About this exercise
Below this line is a listing that includes pictures. Copy exactly, and only, the lines from the one containing "The King's Library" through the one containing "Arcos Messer Roll"; the pictures do not go in the copy.

Data to process
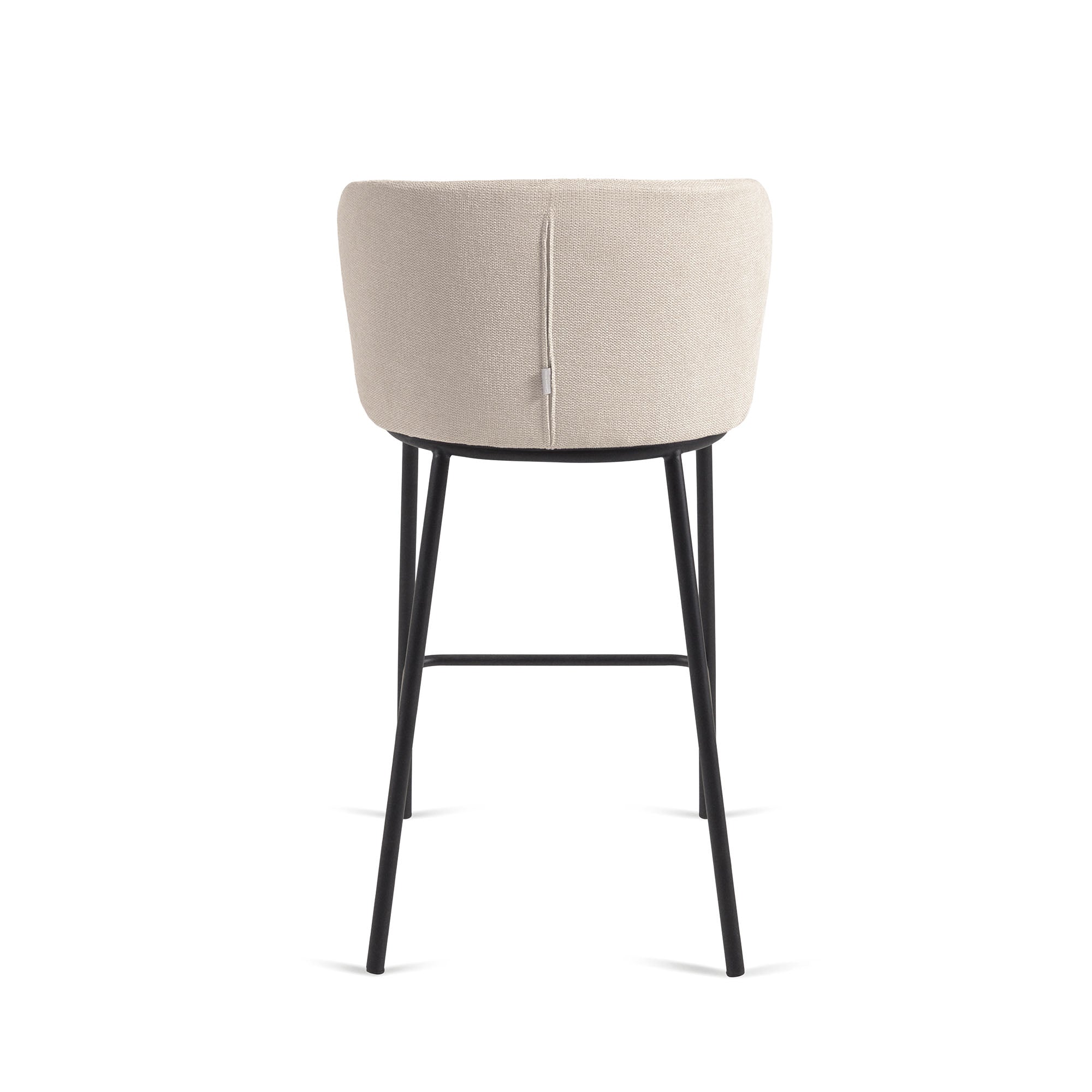 Ciselia stool in beige chenille with steel legs in black 65 cm height FSC Mix Credit - Product Image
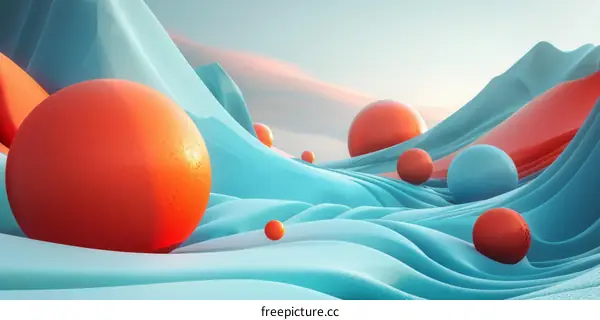 Blue and Orange Abstract Landscape with Spheres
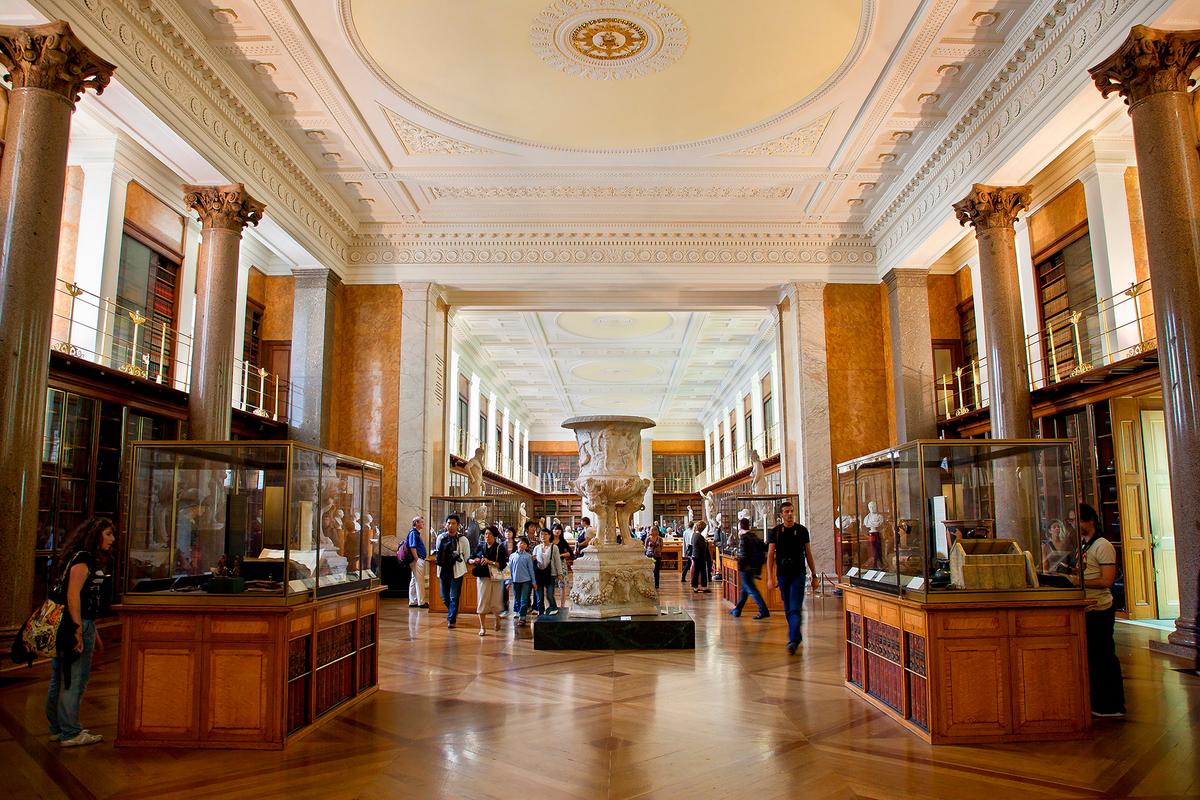 The King's Library in the British Museum was originally built to house King George III's book collection. Today, it forms part of the Enlightenment Gallery, which focuses on 18th-century scholarship. (Sylvain Sonnet/Getty Images)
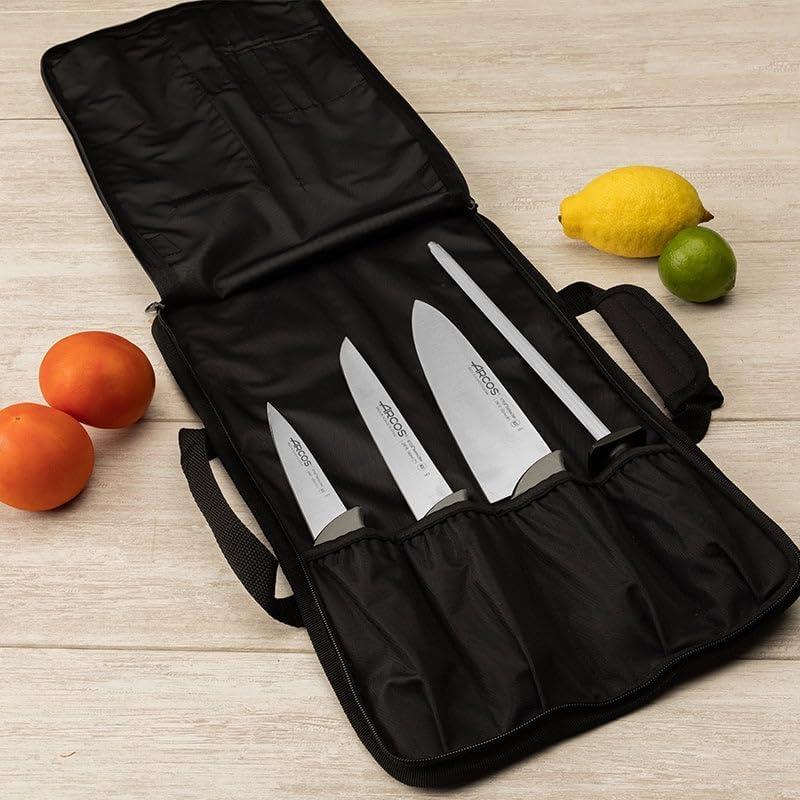Arcos Messer Roll Bag - Messer Rolltasche zu 4 Stück - 100% Polyester 460 x 275 mm - Farbe Schwarz (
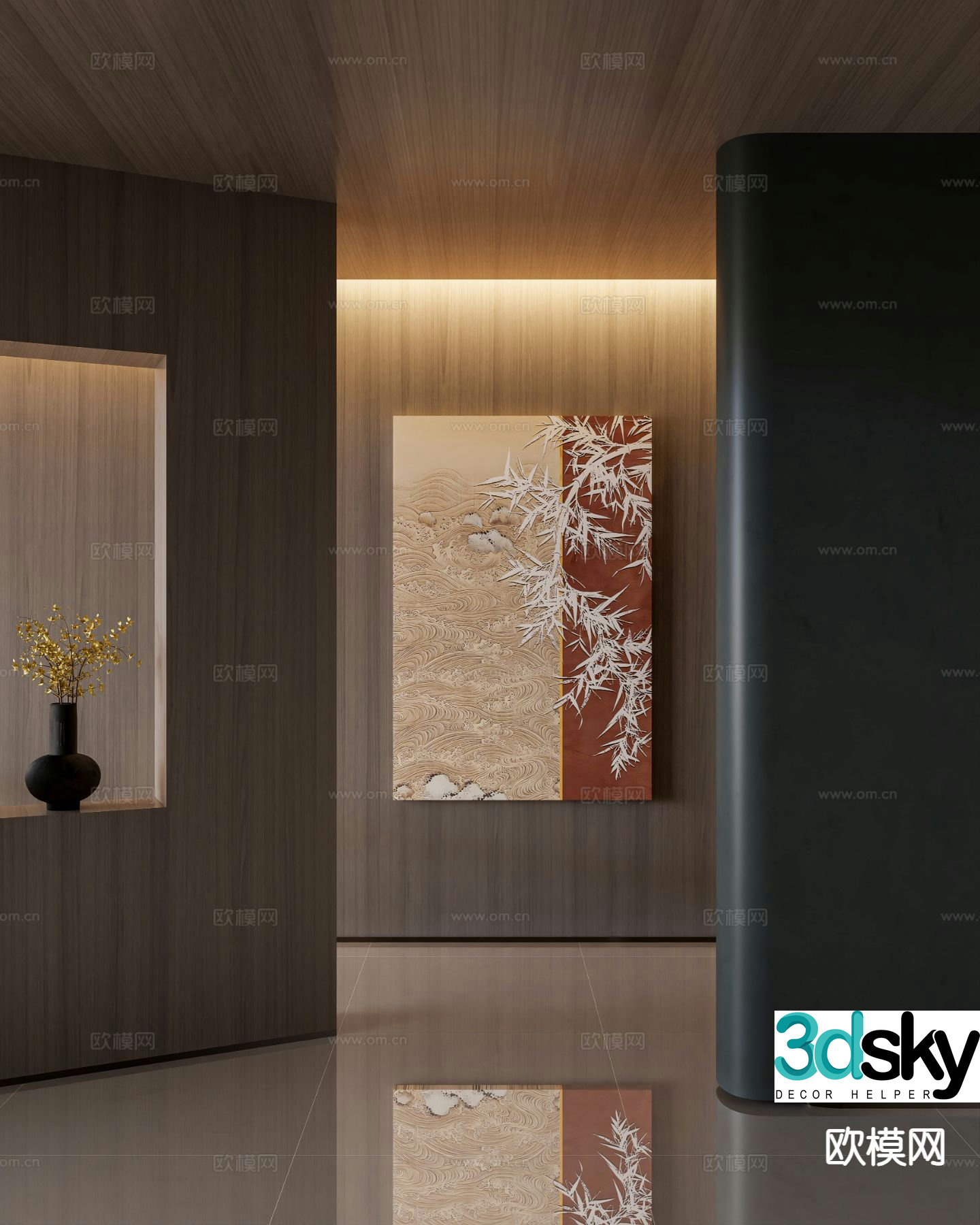 Chinese style hanging painting Zen hanging painting 3D model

Written solution
 The King's Library in the British Museum was originally built to house King George III's book collection. Today, it forms part of the Enlightenment Gallery, which focuses on 18th-century scholarship. (Sylvain Sonnet/Getty Images)
Arcos Messer Roll Bag - Messer Rolltasche zu 4 Stück - 100% Polyester 460 x 275 mm - Farbe Schwarz (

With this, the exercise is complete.